Blogs > Jim Collins' Editor's Notebook

Jim Collins is editor emeritus of The News-Herald and also serves as executive in residence at Lakeland Community College. His popular weekly column appears each Sunday in Comment in The News-Herald.

Thursday, June 4, 2015

Sit down with Sittenfeld may prove to be informative

The good thing about this year’s elections is that they are local, so we may be spared the usual onslaught of TV commercials advising us which candidates are best qualified for whatever offices they are seeking.
The main problem with political ads on TV is that, unless you record the programs you are watching, you cannot speed through the commercials.
You just have to sit there and suffer – unless it is time for a trip to the refrigerator and the “mute” clicker for your TV doesn’t work.
As I have pointed out in the past, at our house we call everything that works the TV, the garage door or anything else that has a remote control a “clicker.”
In the sophisticated world of electronics, that sort of jargon may seem odd, but as long as the lady of the house and I speak the same language, what does it matter?
But I digress.
Politics this early in an odd-numbered year is often the furthest thing from my mind. It is parked there, in my mental garage, along with other things that I don’t particularly want to think about as I am preparing to cut the grass, trim the hedges or look for something I have been unable to find, for example, the spare turn signal bulb I stashed away following a two-day project to replace the burned out bulb.
That effort was indeed a valiant endeavor on the part of four people to remove the burned out bulb and insert the new one. The four experts who eventually got the job done before the arrival of winter were me, my brother Dave, Bob Riggin and Bill Crosier.
Let me be the first to assure you that when it comes to small, seemingly insignificant tasks, four minds are certainly better than one.
The fact that it was raining while Dave and I were involved in the project but it had stopped raining before Bob, Bill and I finally resolved the matter added to the confusion, if not to the chorus of “hurrahs” when it concluded.
But I am straying from my point, which is politics. It is well-removed from turn-signal bulbs.
The subject of politics was as far from my active thinking process as was the theory of integers (a fascinating element of mathematics which I never undertook) until the other day when my phone rang.

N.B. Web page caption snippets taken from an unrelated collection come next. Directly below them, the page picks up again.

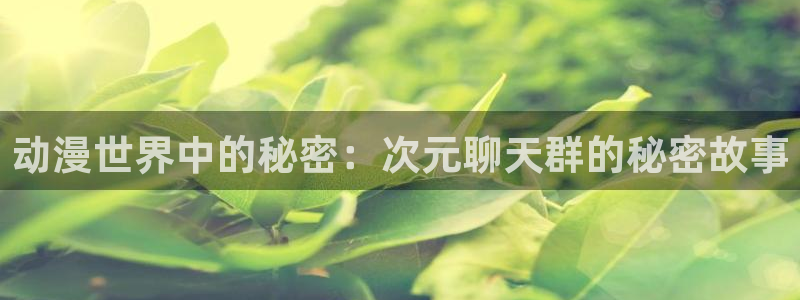 里番动漫观看网站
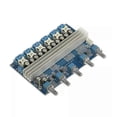 thumbnail image 2 of TPA3116 4.2 Channel Amplifier Board 100Wx2 +50Wx4 2.0 Stereo, 2 of 5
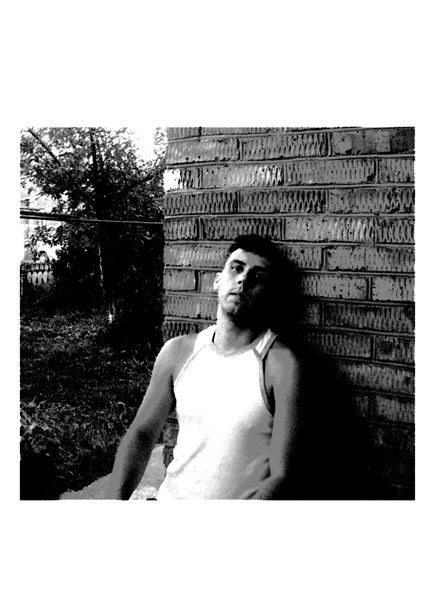 Павел Кучеренко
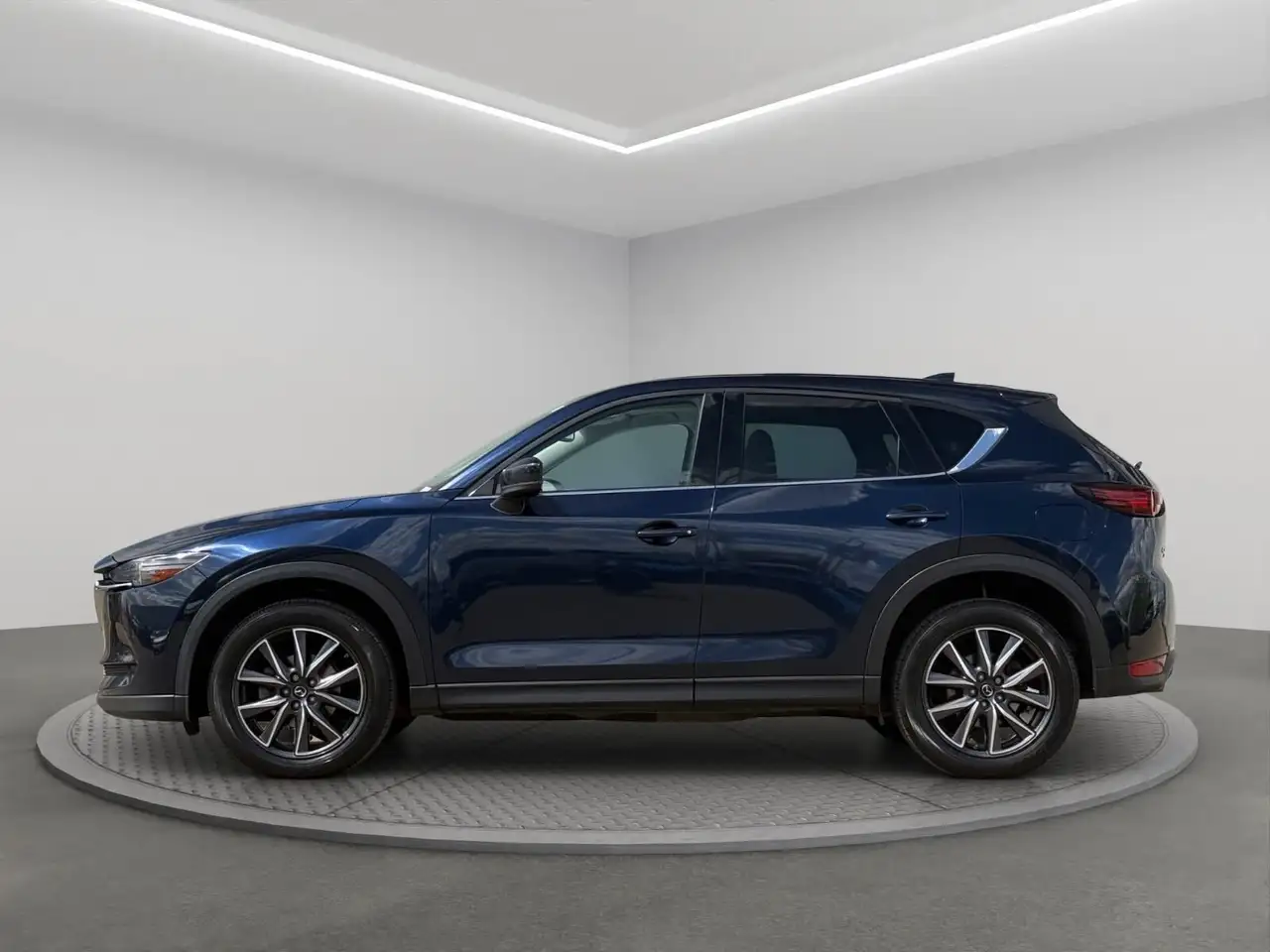 Mazda CX-5 photo Mazda CX-5
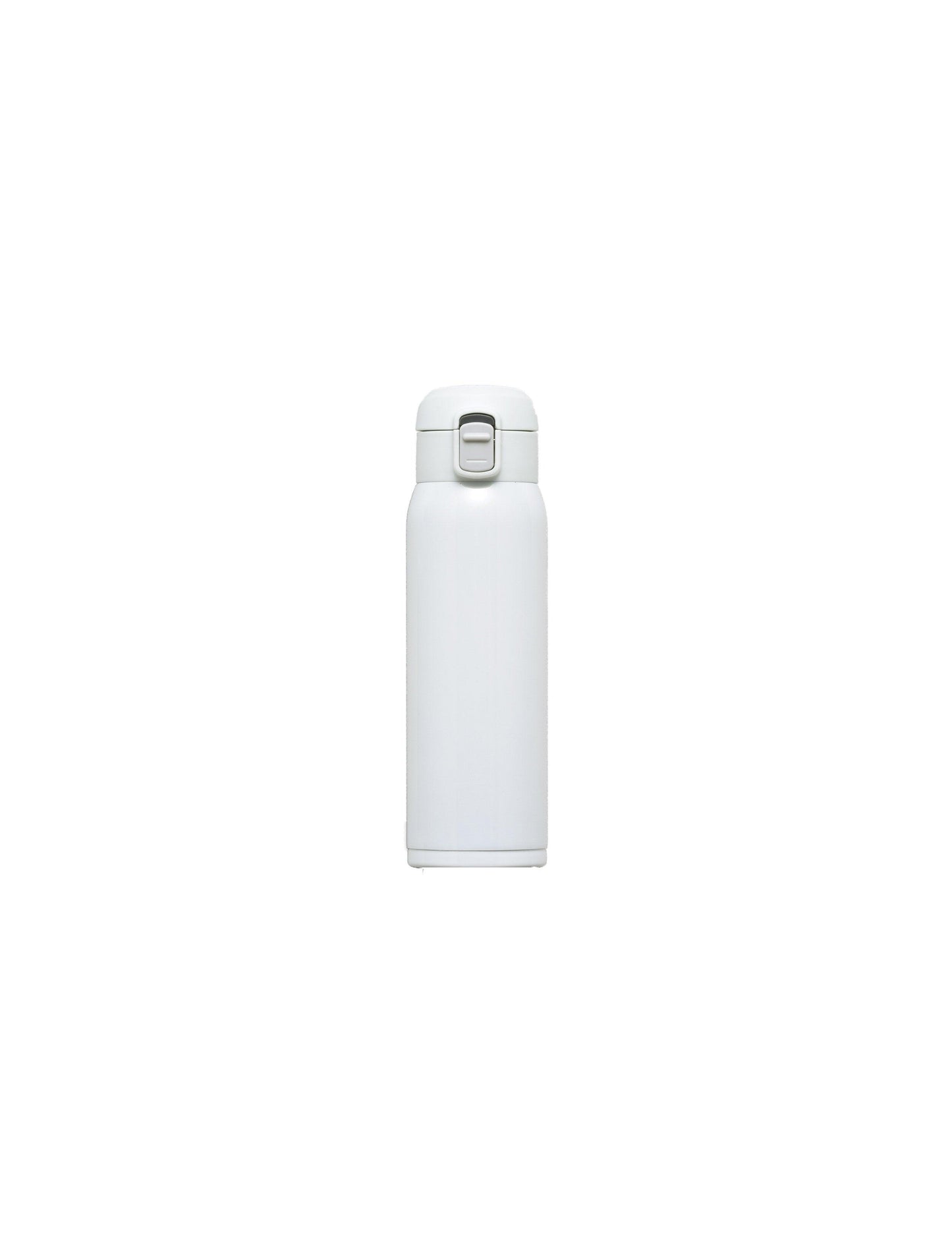 omit Insulated One Touch Type Flask Mug Bottle 500ml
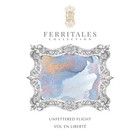Ferris Wheel Press Unfettered Flight 20ml Fountain Pen Ink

On the other end was a person regarded as one of the original geniuses in the field of political persuasion and one who is held in awe by all those who take the subject seriously and who yearn to learn a few things at his knee if only he would spare the time to talk a little shop – as in political shop talk.
His name is Dale Butland. That name is immediately linked by anyone in the political know-how with John Glenn.

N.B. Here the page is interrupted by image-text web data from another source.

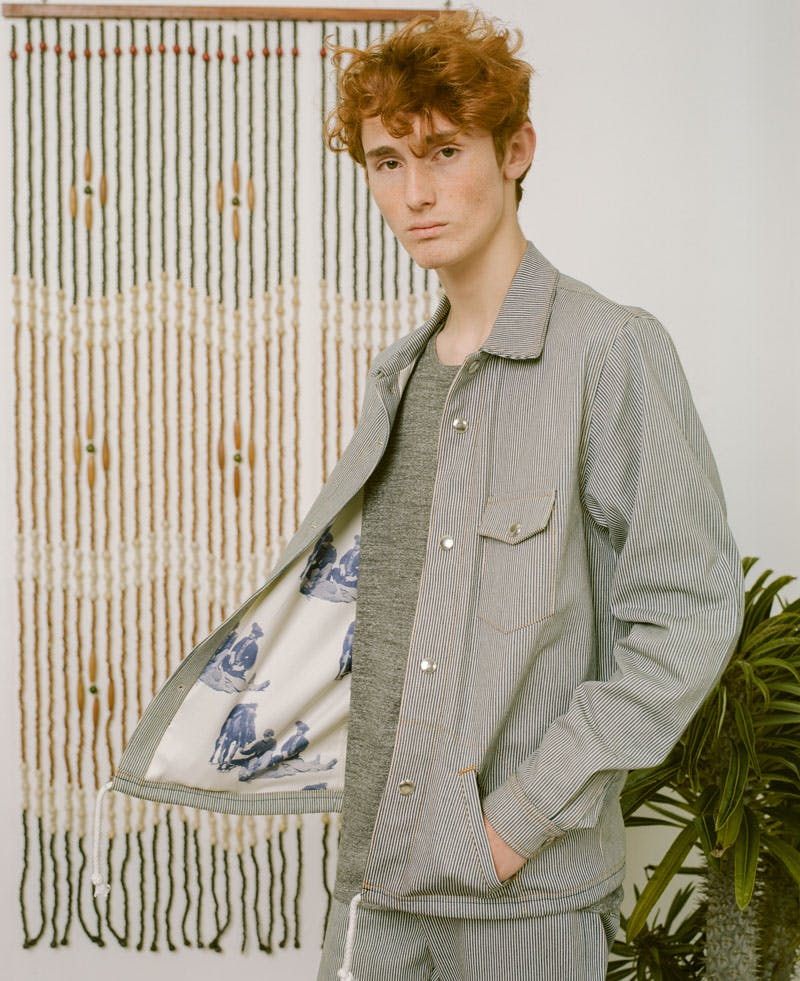 12brownstone ss19 lookbook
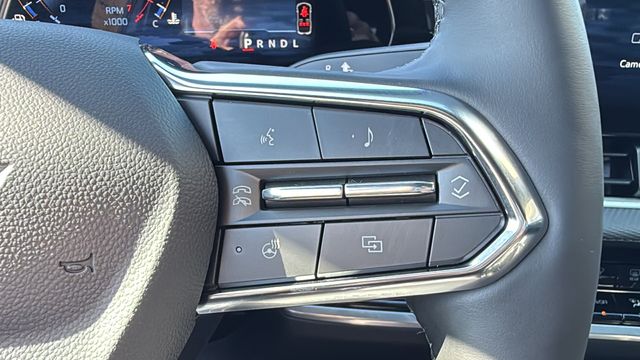 new 2026 Chevrolet Equinox car, priced at $30,820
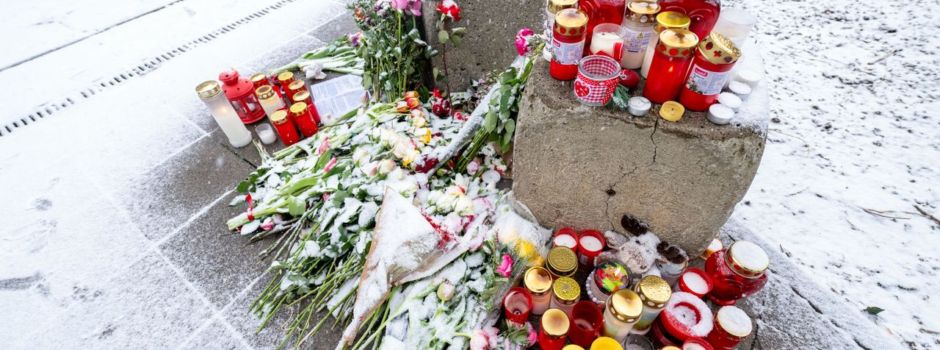 Nach Anschlag: Familie der Opfer gegen Instrumentalisierung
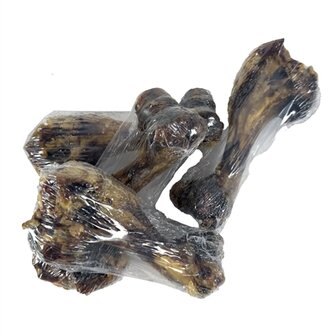 Petsnack smulkluiven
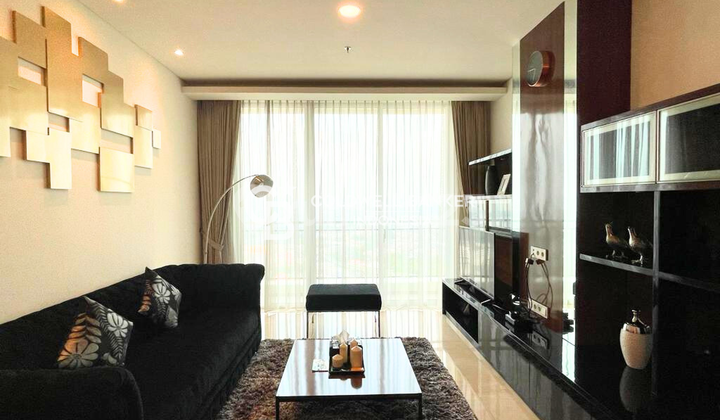 Pakubuwono House High Floor Coldwell Banker 1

Dale was the talent behind the Glenn campaigns and the two are still close, even though the former Marine pilot, astronaut and U.S. Senator is now 94 years old.

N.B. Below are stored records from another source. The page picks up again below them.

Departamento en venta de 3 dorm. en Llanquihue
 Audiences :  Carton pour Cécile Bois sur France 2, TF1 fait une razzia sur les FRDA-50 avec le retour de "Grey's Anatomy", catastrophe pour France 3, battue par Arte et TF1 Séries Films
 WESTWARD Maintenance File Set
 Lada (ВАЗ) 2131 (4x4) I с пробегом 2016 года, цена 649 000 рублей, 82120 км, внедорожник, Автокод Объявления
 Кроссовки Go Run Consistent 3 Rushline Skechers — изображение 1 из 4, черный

There is another Senate campaign that Dale is getting excited about, and he wanted to talk about it.
There is a Senate campaign coming up in 2016 ostensibly between the incumbent, Rob Portman, and the man who was governor of Ohio for one term, Ted Strickland, before he was ousted by one of my own personal favorites in government, Ohio Gov. John Kasich.
Rob Portman is also one of my favorite people. Dale had guessed as much before he launched into his comments about the man he favors in next year’s Democratic primary.
“I know, Jim, that politically you are slightly to the right of Attila the Hun,” Dale said, “but I just wanted to talk to you about a candidate who will beat Ted Stickland in the primary and who stands a chance against Rob Portman in November.”
After I assured Dale that I always regarded Attila the Hun as a dangerous left winger, and I had no fondness for Strickland because of the unconscionable treatment I got from him when he first ran for governor (it’s a long story), we spent some time chatting about John Glenn.
I told Dale three stories about the ex-astronaut that endeared him to me before we got around to talking about his candidate for the Senate in 2016.
(Those three stories are worth repeating, but not right now.)
His candidate is P.G. Sittenfeld, a member of Cincinnati city council, who is regarded as a bright and rising star in Democratic politics.
Dale spoke glowingly of his candidate. I agreed that everything I had read and heard about him was positive.
Dale added that Strickland doesn’t have a chance in 2016, that no one his age has ever been elected to a first term in the Senate since the popular election of senators became law in 1913.
He said he would like to bring Sittenfeld around. “We’d like to have lunch,” he said.
I agreed that would be a great idea. He could never talk me out of voting for Rob Portman, I said, but sitting down and talking would be a good idea.
I’m a good listener. And who knows? I might end up telling a lot of other people what a great guy P.G. Sittenfeld is.